— PROBLEM TO SOLVE —
Look through the data below and return each line where "name" appears.

RECORDS PROVIDED START

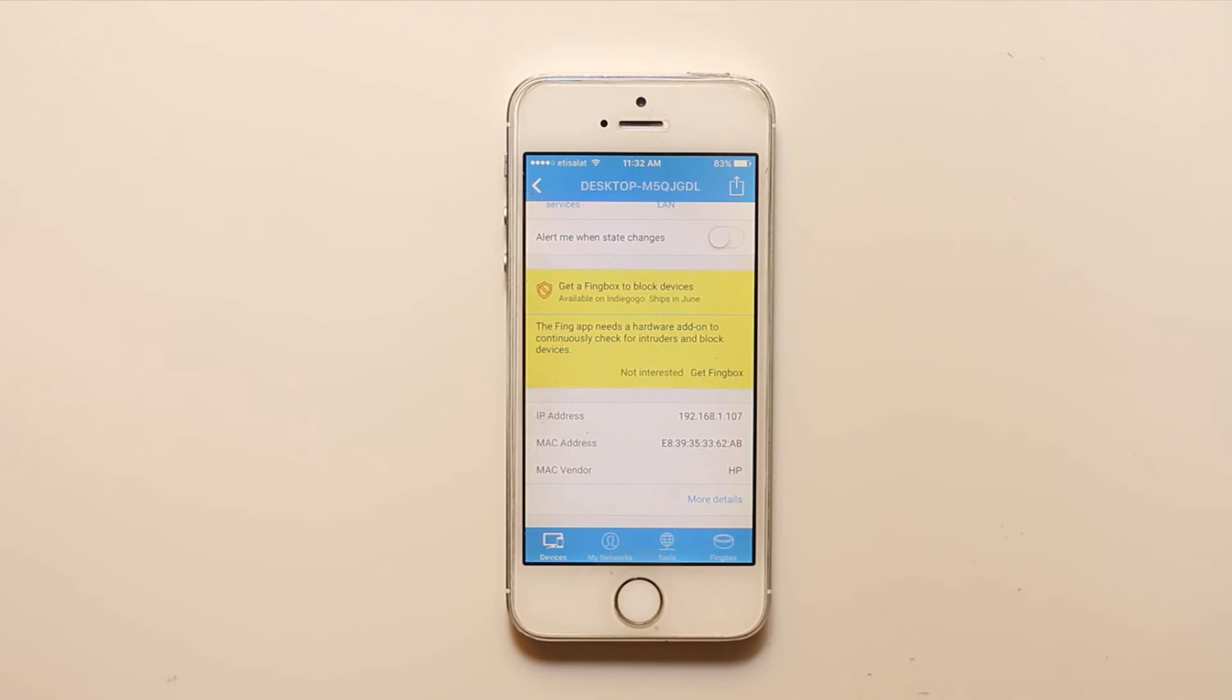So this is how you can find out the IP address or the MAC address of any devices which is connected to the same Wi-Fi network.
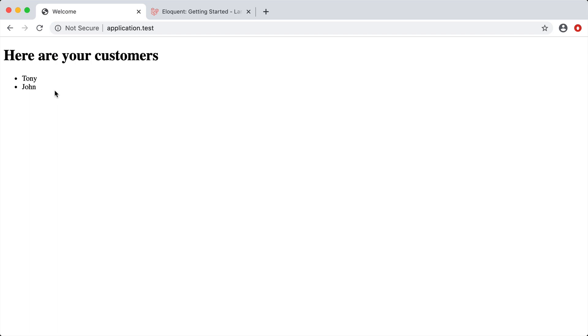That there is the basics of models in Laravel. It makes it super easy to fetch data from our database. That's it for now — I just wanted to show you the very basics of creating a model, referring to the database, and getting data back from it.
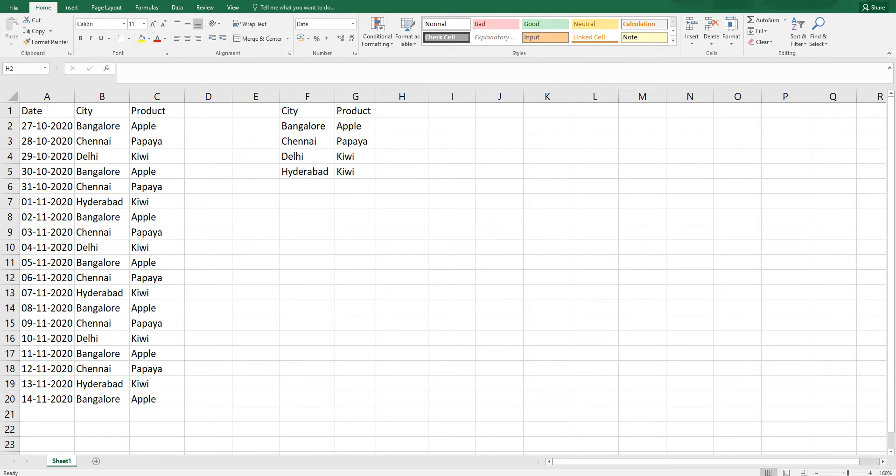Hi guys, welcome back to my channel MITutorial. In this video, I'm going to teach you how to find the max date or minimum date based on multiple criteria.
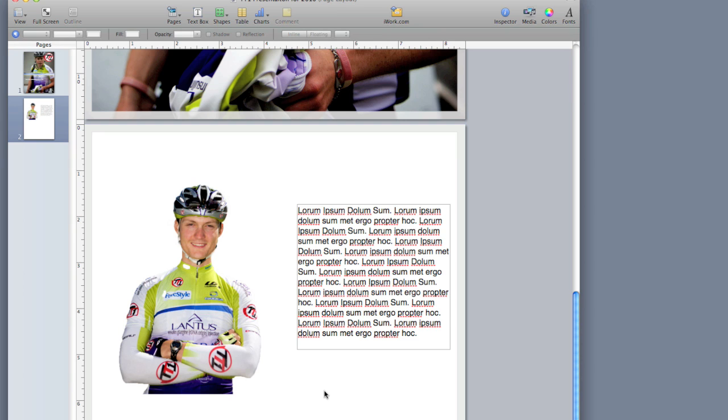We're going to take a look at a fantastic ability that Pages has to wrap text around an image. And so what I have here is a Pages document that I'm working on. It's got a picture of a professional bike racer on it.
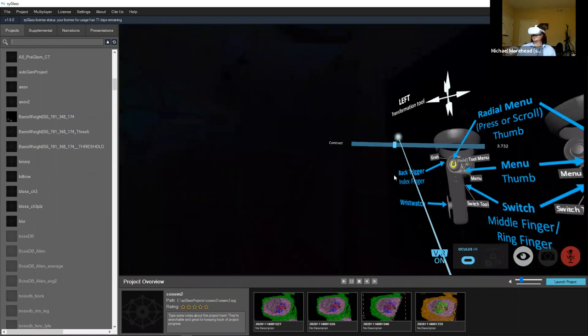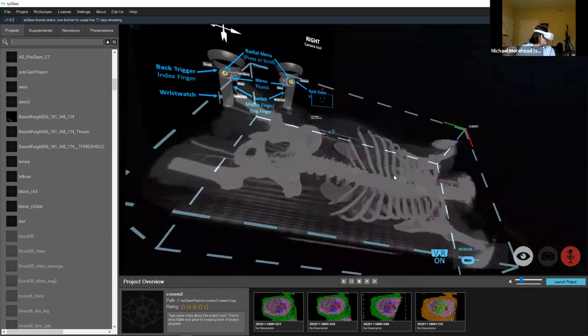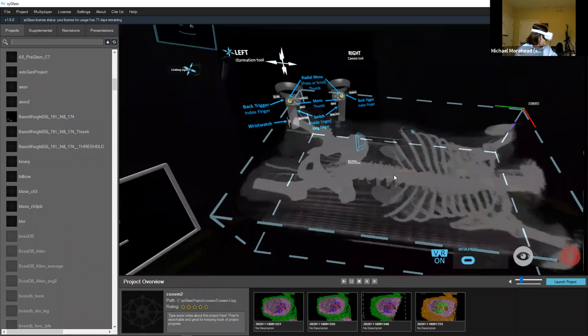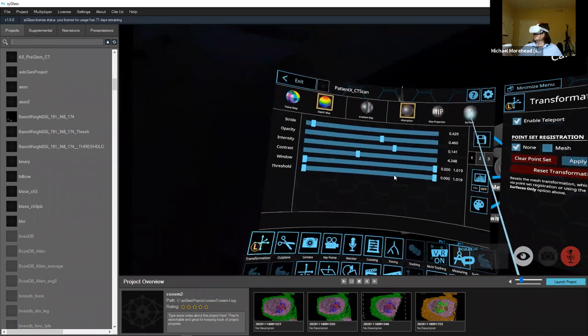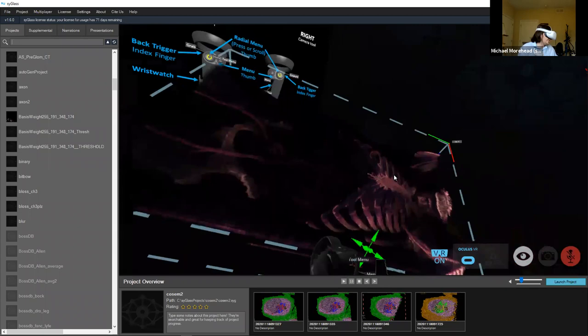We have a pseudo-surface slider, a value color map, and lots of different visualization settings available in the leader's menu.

RECORDS PROVIDED END
RECORDS PROVIDED START

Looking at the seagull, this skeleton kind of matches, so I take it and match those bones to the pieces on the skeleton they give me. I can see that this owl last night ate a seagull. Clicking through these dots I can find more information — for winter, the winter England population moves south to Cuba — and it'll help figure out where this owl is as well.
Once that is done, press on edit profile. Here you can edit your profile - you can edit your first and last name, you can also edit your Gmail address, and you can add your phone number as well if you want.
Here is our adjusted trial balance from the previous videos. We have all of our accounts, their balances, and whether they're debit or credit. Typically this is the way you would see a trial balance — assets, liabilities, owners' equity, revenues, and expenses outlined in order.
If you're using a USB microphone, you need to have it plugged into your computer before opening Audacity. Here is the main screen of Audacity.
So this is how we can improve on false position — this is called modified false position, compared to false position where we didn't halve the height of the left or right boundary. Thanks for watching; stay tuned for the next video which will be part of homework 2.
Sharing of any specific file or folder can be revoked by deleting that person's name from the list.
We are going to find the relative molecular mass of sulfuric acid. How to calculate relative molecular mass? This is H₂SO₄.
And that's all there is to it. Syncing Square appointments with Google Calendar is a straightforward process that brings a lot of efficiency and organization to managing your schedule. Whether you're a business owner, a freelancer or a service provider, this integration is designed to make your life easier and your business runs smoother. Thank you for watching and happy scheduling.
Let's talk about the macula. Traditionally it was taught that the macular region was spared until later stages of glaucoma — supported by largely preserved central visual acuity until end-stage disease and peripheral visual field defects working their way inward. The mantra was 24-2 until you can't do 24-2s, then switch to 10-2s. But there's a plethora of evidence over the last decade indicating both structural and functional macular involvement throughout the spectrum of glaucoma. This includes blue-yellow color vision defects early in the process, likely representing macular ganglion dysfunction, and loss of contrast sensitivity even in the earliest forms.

RECORDS PROVIDED END
RECORDS PROVIDED START

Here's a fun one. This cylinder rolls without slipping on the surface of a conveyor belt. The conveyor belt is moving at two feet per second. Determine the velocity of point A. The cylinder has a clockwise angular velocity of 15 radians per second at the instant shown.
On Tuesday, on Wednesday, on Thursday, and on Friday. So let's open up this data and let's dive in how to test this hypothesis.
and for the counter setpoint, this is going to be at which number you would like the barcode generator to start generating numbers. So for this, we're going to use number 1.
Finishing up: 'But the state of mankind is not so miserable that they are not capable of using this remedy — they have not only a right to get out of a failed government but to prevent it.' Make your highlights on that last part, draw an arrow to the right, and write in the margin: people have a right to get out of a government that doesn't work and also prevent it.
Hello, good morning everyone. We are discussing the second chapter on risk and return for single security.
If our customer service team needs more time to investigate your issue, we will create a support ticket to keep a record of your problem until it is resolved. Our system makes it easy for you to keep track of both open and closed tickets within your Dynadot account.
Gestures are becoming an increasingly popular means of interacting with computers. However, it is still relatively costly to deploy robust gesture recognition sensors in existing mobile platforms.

RECORDS PROVIDED END

— FINISHED EXERCISE —
Once that is done, press on edit profile. Here you can edit your profile - you can edit your first and last name, you can also edit your Gmail address, and you can add your phone number as well if you want.
Sharing of any specific file or folder can be revoked by deleting that person's name from the list.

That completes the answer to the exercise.